Variable Specificity And Complexity

Paul StovellJuly 27, 2015 • 4 min read

Octopus allows variables to be scoped to different environments, roles or machines. A simple example of where this is useful, is to have different values for a database connection string depending on whether you are deploying to a Test or Production environment.

Variables can be scoped to multiple values, so deciding which variable is sensible in a given scenario is a surprisingly tricky process. We call it variable specificity, and it works a little bit like CSS specificity.

For example, suppose we have this set of variables:

DatabaseName = DB01 (Environment: Staging, Production)
DatabaseName = DB02 (Environment: Staging)
DatabaseName = DB03 (Environment: Production)

In this case, if we deployed to Production, the correct value to use could either be DB01 or DB03, since both match. There are times when the results of variable scoping will be non-deterministic, and I think that’s pretty intuitive.

Each scoping level has a different priority:

a variable scoped to a machine is more specific than a variable scoped to a role
… which is more specific than a variable scoped to an environment
… which is more specific than a variable with no scope

This usually also makes intuitive sense - machines are more granular than environments, so that scope should take priority.

Calculating the specificity of a variable in Octopus looks like this:

public int Rank()
{
    var score = 0;
    score += Score(ScopeField.Private, 10000000);
    score += Score(ScopeField.User, 1000000);
    score += Score(ScopeField.Action, 100000);
    score += Score(ScopeField.Machine, 10000);
    score += Score(ScopeField.TargetRole, 1000);
    score += Score(ScopeField.Role, 100);
    score += Score(ScopeField.Environment, 10);
    score += Score(ScopeField.Project, 1);
    return score;
}

If multiple variables match a scenario, we simply take the top-ranking variable. Higher priority items increase ranking before lower priority items. For example, in Production I use one database, but my reporting service should always use a different database:

DatabaseName = DB01 (no scope)
DatabaseName = DB02 (Environment: Staging)
DatabaseName = DB03 (Environment: Production)
DatabaseName = DB04 (Role: Reporting)
DatabaseName = DB05 (Role: Reporting; Environment: Production)

This works - my Reporting app will get DB04 even in staging, since roles are more specific than environments. But in Production, I can force it by scoping it at two levels.

One area where this gets confusing is multiple matches involving roles. Take the first example, but instead of environments, let’s consider roles:

DatabaseName = DB01 (Role: WebServer, AppServer)
DatabaseName = DB02 (Role: WebServer)
DatabaseName = DB03 (Role: AppServer)

Now, I can’t deploy to multiple environments at once, so it was obvious that either value should apply in the first example. But I can have a machine that belongs to multiple roles.

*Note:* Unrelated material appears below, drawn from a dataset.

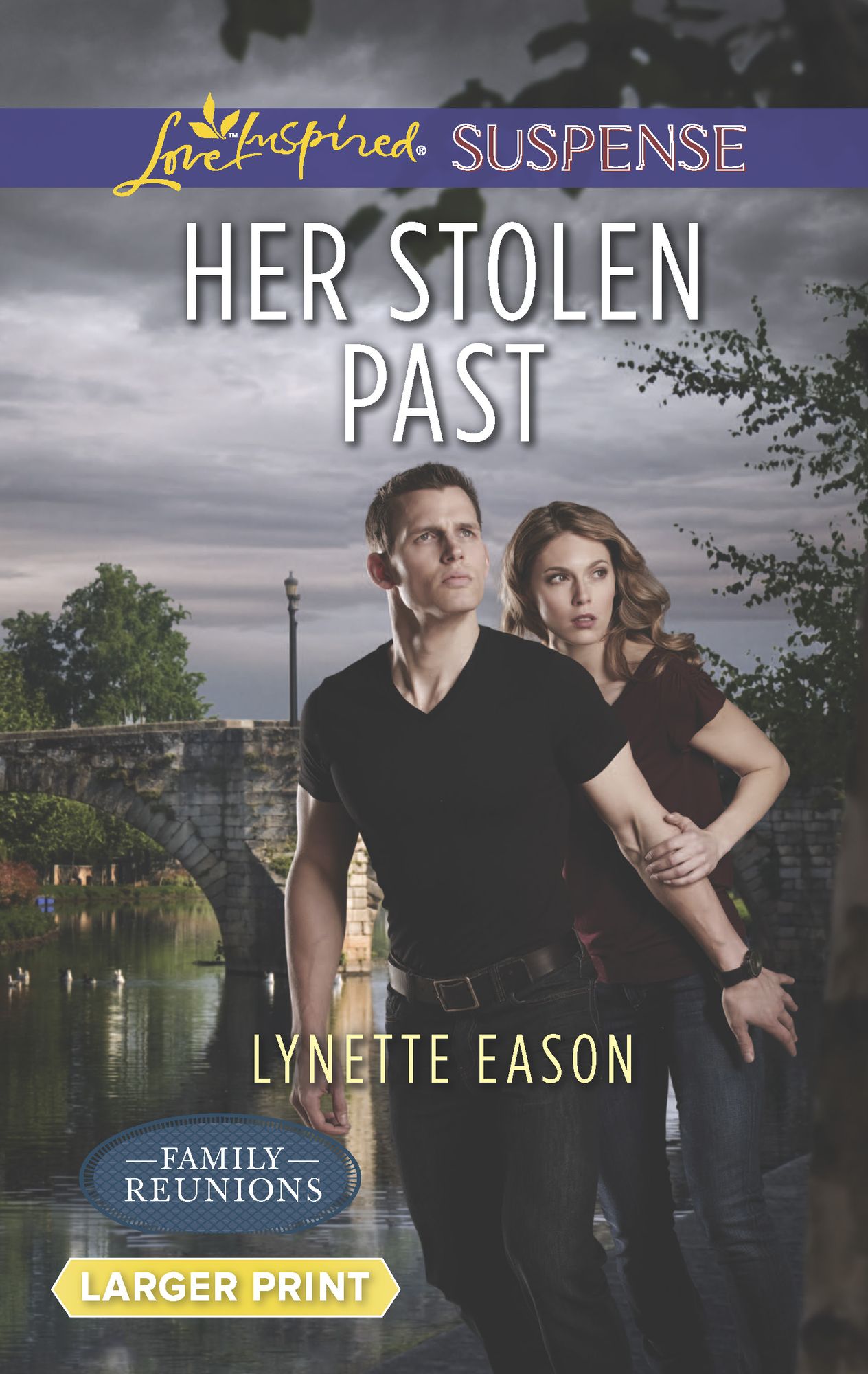 Her Stolen Past (Love Inspired LP Suspense Series)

In my development environment, perhaps my budget is limited to a single machine, so it is both a WebServer and an AppServer.

In that example, which value should my WebServer+AppServer machine get? If I polled 100 people, I suspect an easy majority would expect DB01. In other words, when multiple values match, they’d expect an and relationship to apply and each match should contribute to the ranking.

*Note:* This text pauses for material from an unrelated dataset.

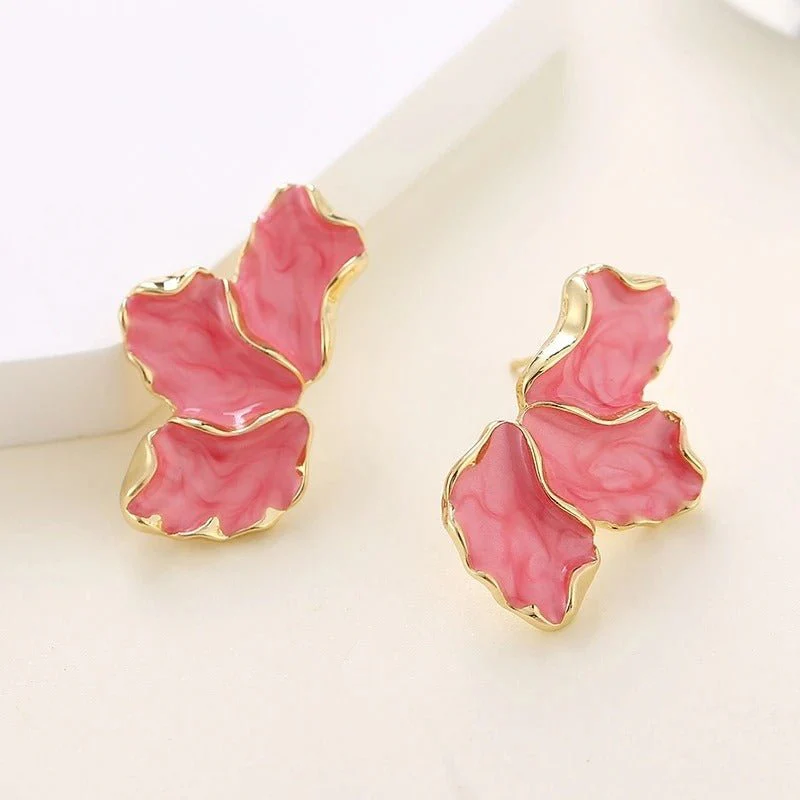 Micara - Glazed Petals - Ohrringe - Image 8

But what would happen in this case?

DatabaseName = DB01 (Role: WebServer, AppServer)
DatabaseName = DB02 (Role: WebServer)
DatabaseName = DB03 (Role: AppServer; Environment: Production)

If I deployed to a WebServer+AppServer machine in Production, what value should I get? If I polled 100 people for this scenario, I’d say half would expect DB01, and half would expect DB03. There’s no intuitive way to reason about these, unlike the previous samples. If you’ve put hours of thought into this, it might make sense to you, but will it make any sense for the next person that has to maintain them?

Decisions like these are tricky. My hope is that by not trying to make specificity rules too clever, it will simply encourage people to find better ways to model the deployments (maybe the environment makes better sense than a role combination) than relying on a complex matrix that few will ever understand at a passing glance.